Our lives in eternity will not disappoint even our most imaginative or fanciful pictures of what we think it will be like. Jesus has great plans in eternity for me and for everyone who believes and thus hopes in Jesus, our wonderful Savior. Let that sink in a little more; the Lord not only has plans for our current lives, but also for when we reign with Him in the millennium and then for all eternity.

The Isaiah passage dispels our inclinations to dismiss eternity as nothing and solely focus on what we can attain in this life. We have so much to look forward to in eternity. Our future life will be marked with ever increasing joy and unimaginable blessings. We will rejoice in our great salvation as we realize its full extent. Our waiting will not be in vain.

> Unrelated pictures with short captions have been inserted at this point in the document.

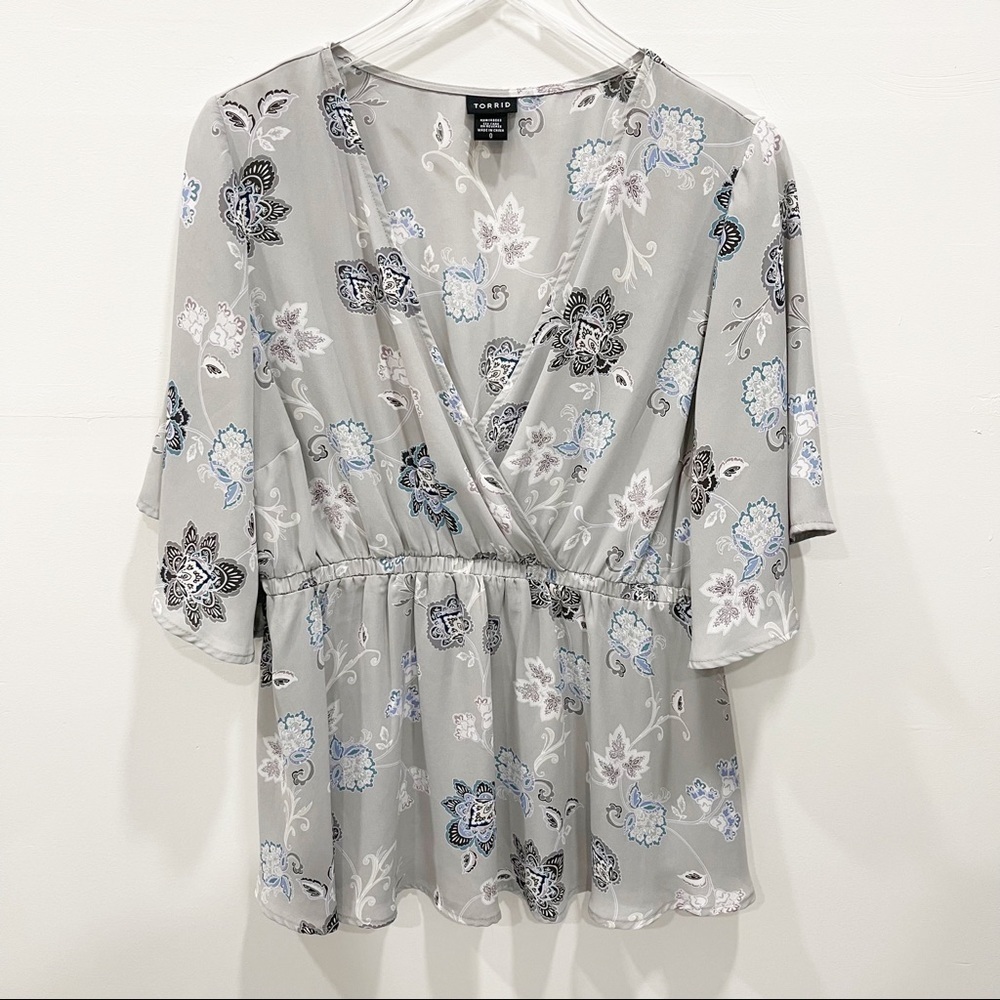 Torrid Floral Print Surplice Babydoll Top Blouse Size 0 Short Sleeve Grey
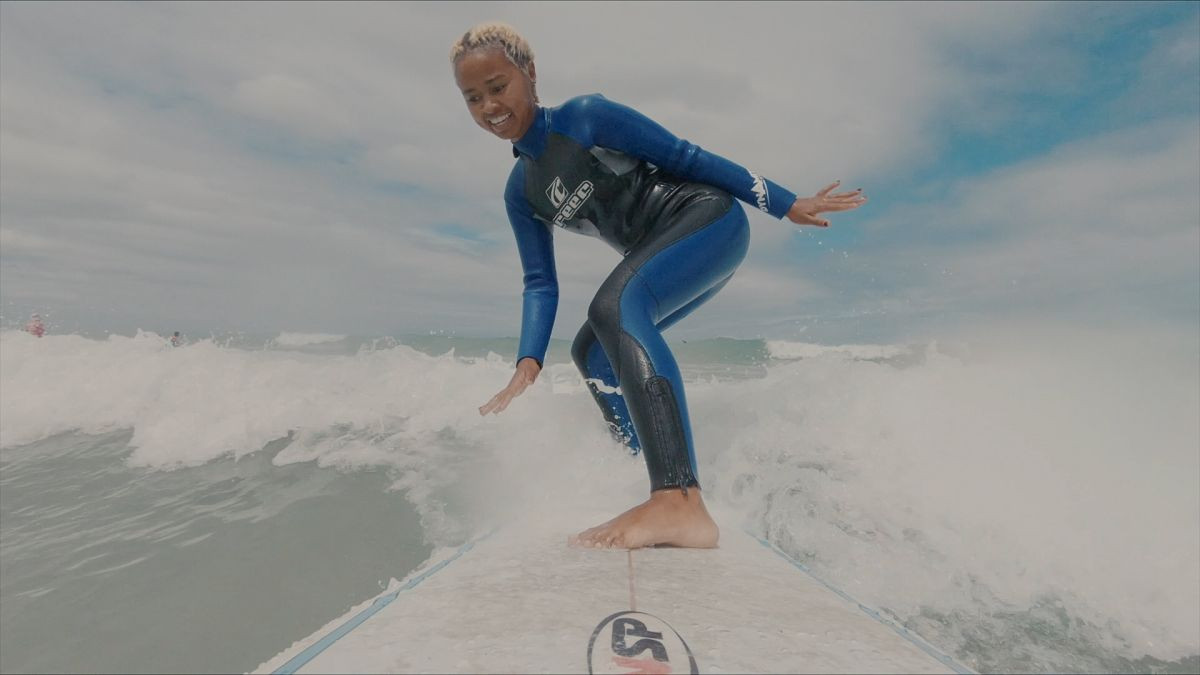Mladi iz Južne Afrike liječe traume uz pomoć surfanja
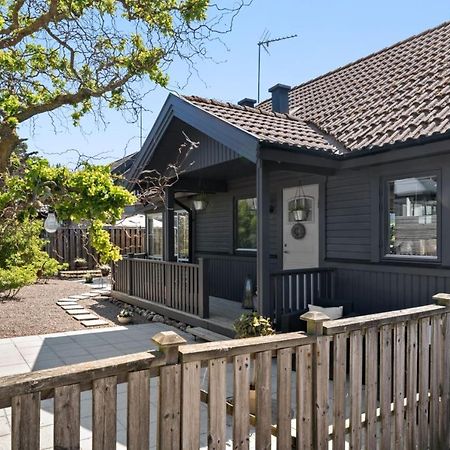 Charming 2-Floor House By The Sea In Ahus Swedenヴィラ エクステリア 写真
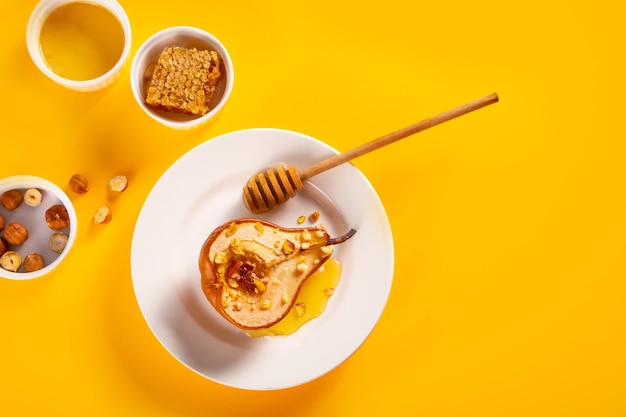 Honing- of marplesiroop geroosterde peren met walnoten Vegetarisch dieet gezondheid heerlijk dessert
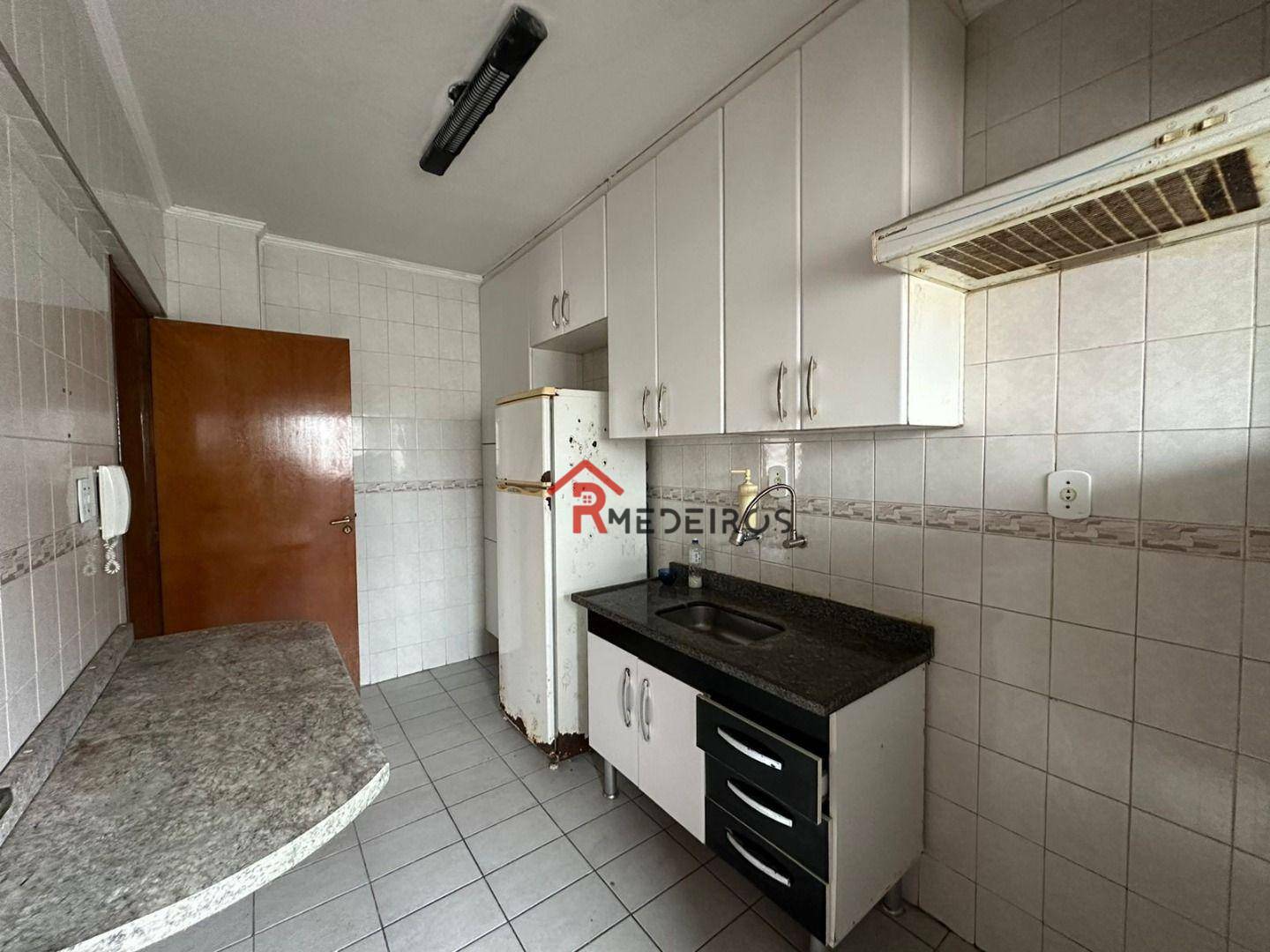 Apartamento à venda com 1 quarto, 49m² - Foto 10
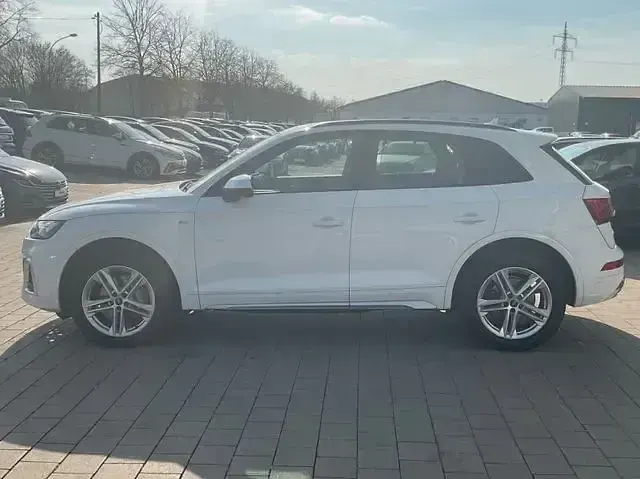 Używany Audi Q5 Ambiente 286 KM (210 kW) 2022 Biały SUV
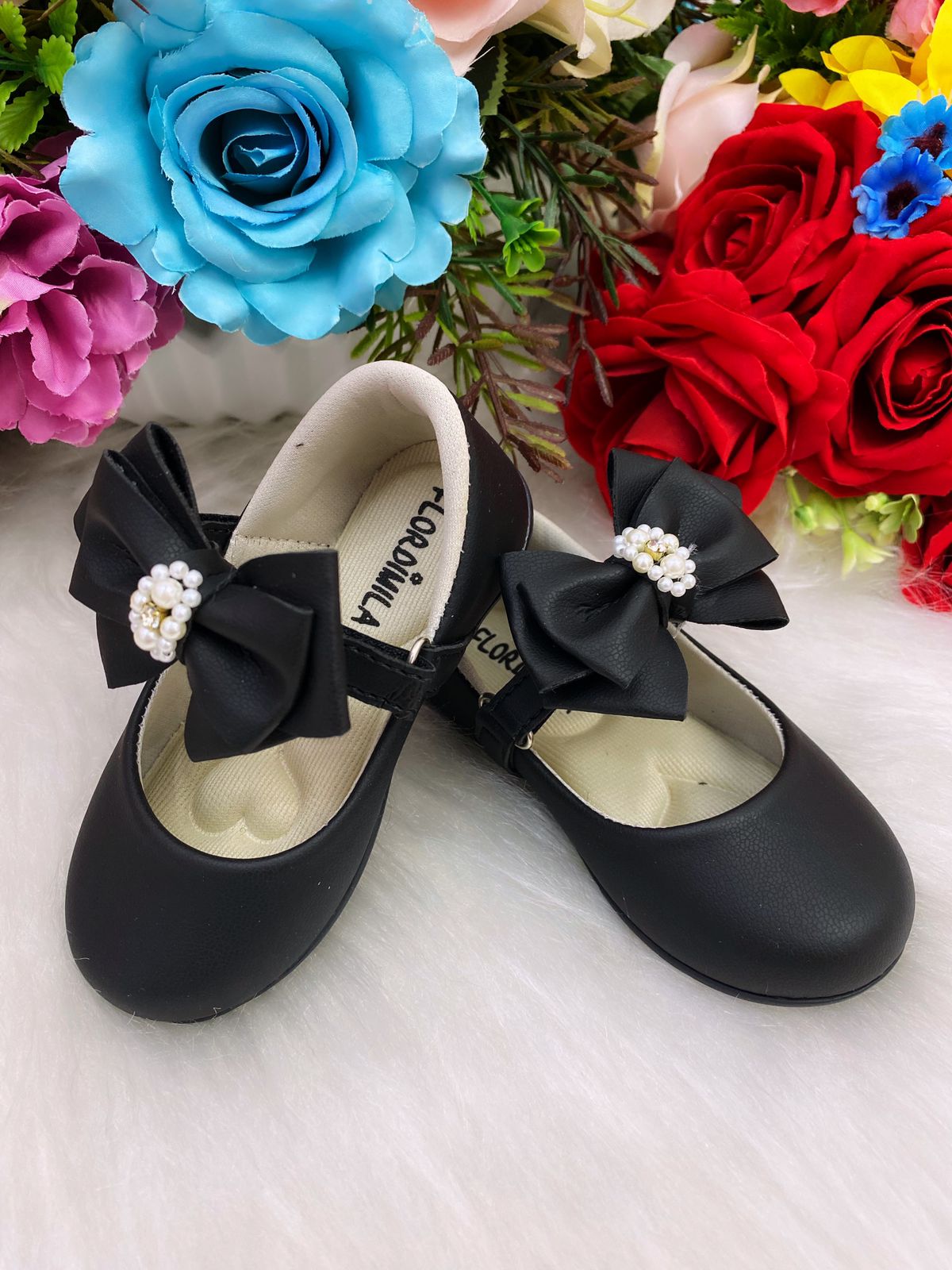 Sapatinho Preto Fosco Laço Pérolas e Strass Bebê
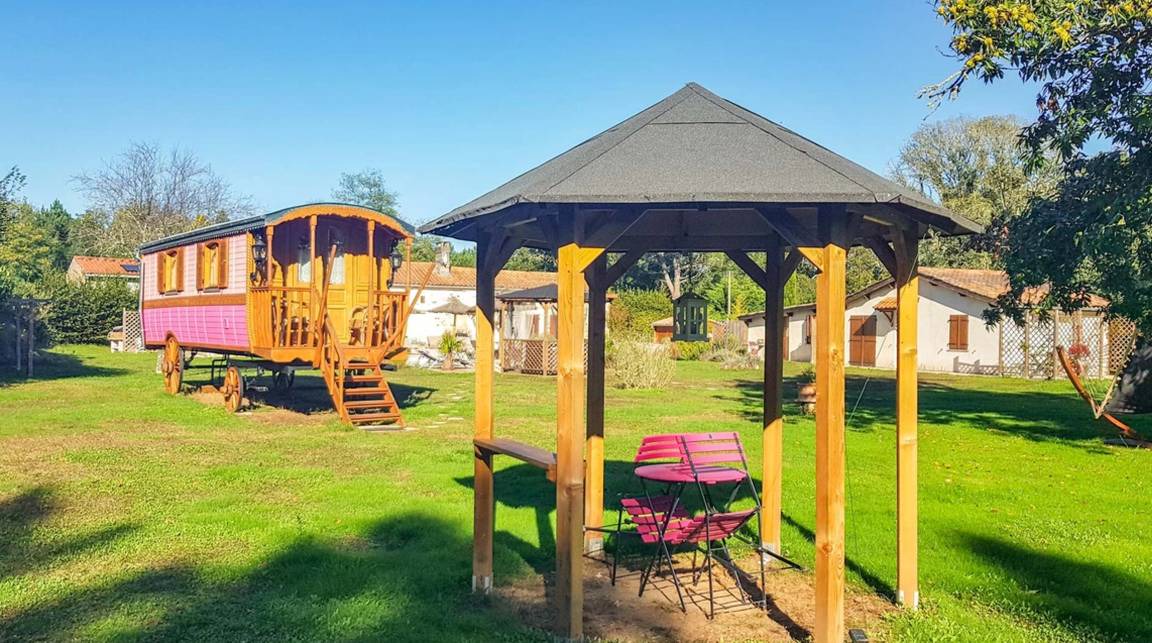 Bussac-Foret House | 15 m² House ∙ 1 bedroom ∙ 2 guests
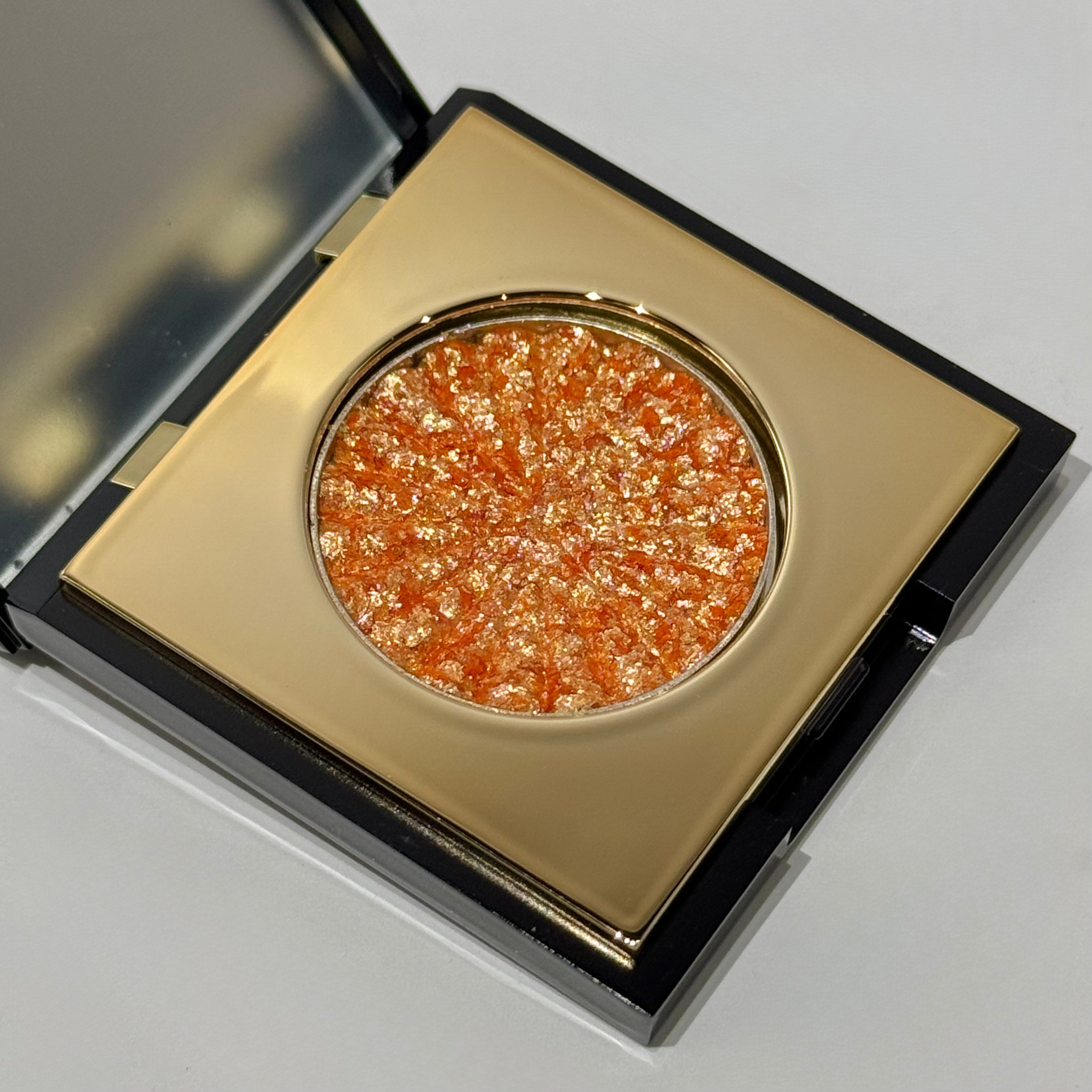 Luminesce silk pressed pigment eyeshadow - Stardust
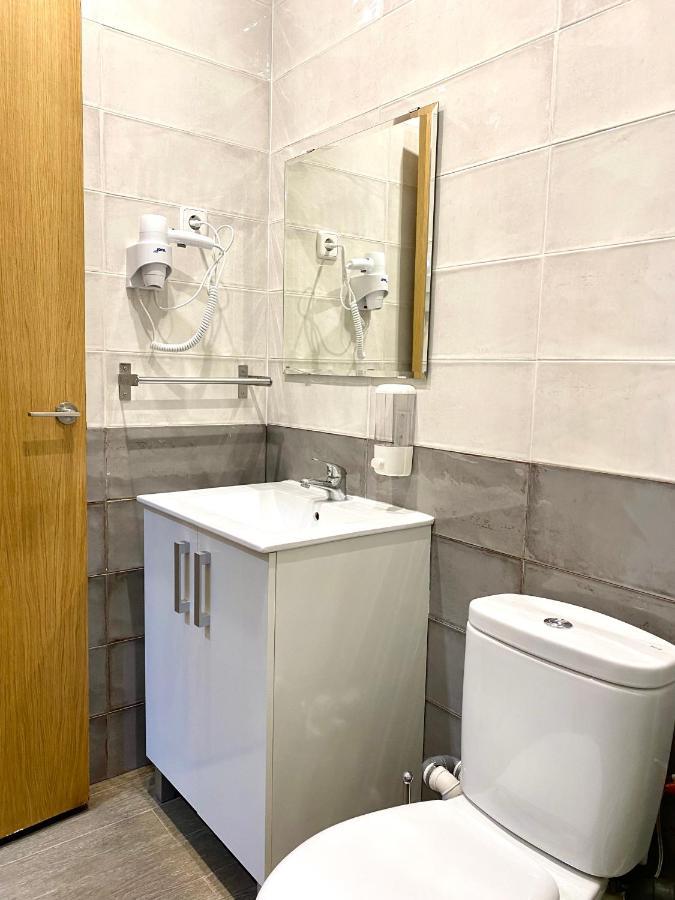 Apartamentos Fuencarral Madrid Exterior photo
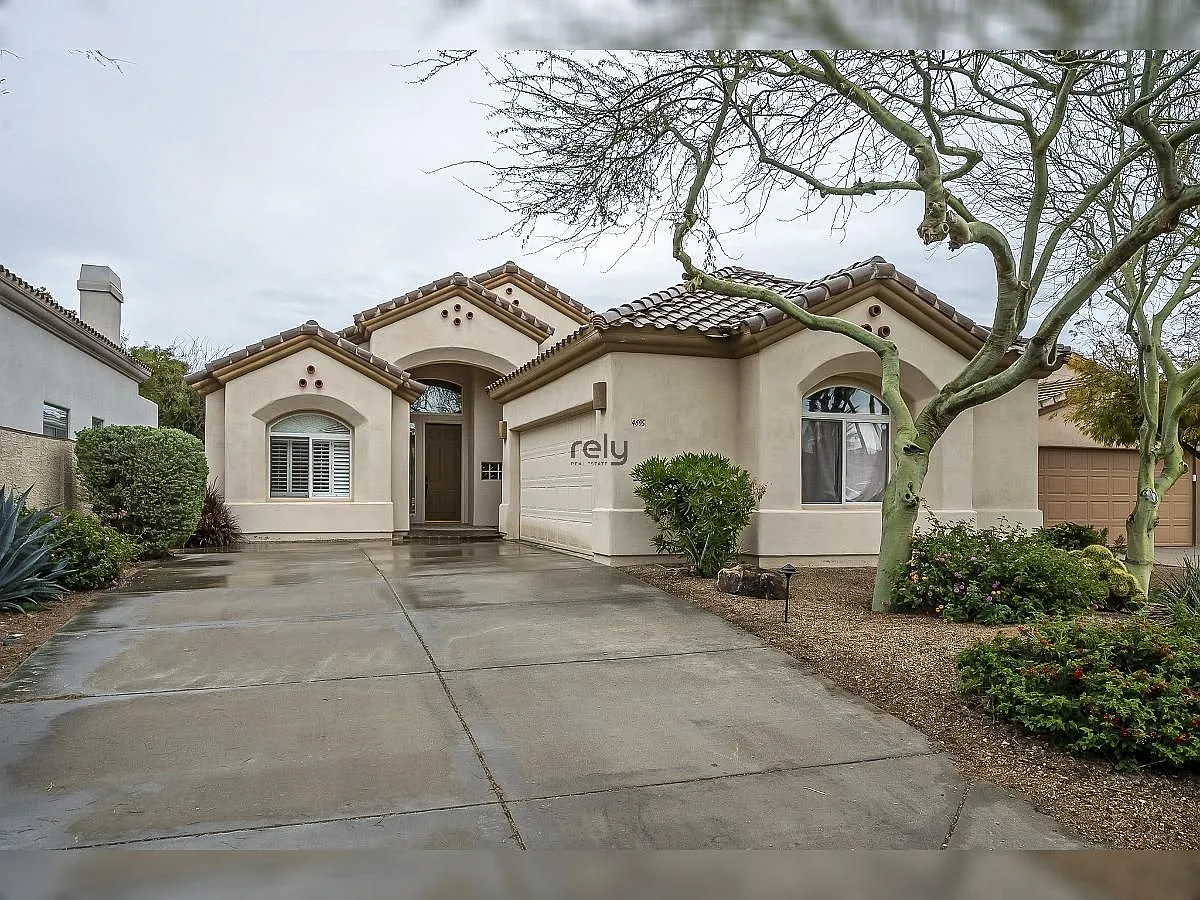 2 bed, 2.0 bath, 1897 sqft, $2,450 — Photo 3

I do not believe we will experience sadness over anything lost from this life. Jesus’ promise to “make all things new” brings wonderful assurance of the joy that awaits us (Rev. 21:5). We will not mourn the loss of our current life and the things we currently enjoy.

Our coming eternal joy will supersede all the things of this life and never fade away. The newness of eternity will never fade; we will always celebrate Jesus and all the wonders of our future lives.

The New Earth

My eternal focus did not include a restored earth until I read John Eldredge’s book Desire several years ago and began to think about the new earth of Revelation 21. Eldredge said this about it, “How wondrous this will be! Creation can be so breathtaking now. What shall it be like when it is released to it full glory?”[iv] I love to explore nature and enjoy all the wonderful views of the mountains, lakes, and oceans. Such enjoyment of nature will not be lost in eternity; creation restored to its full glory will be even more spectacular.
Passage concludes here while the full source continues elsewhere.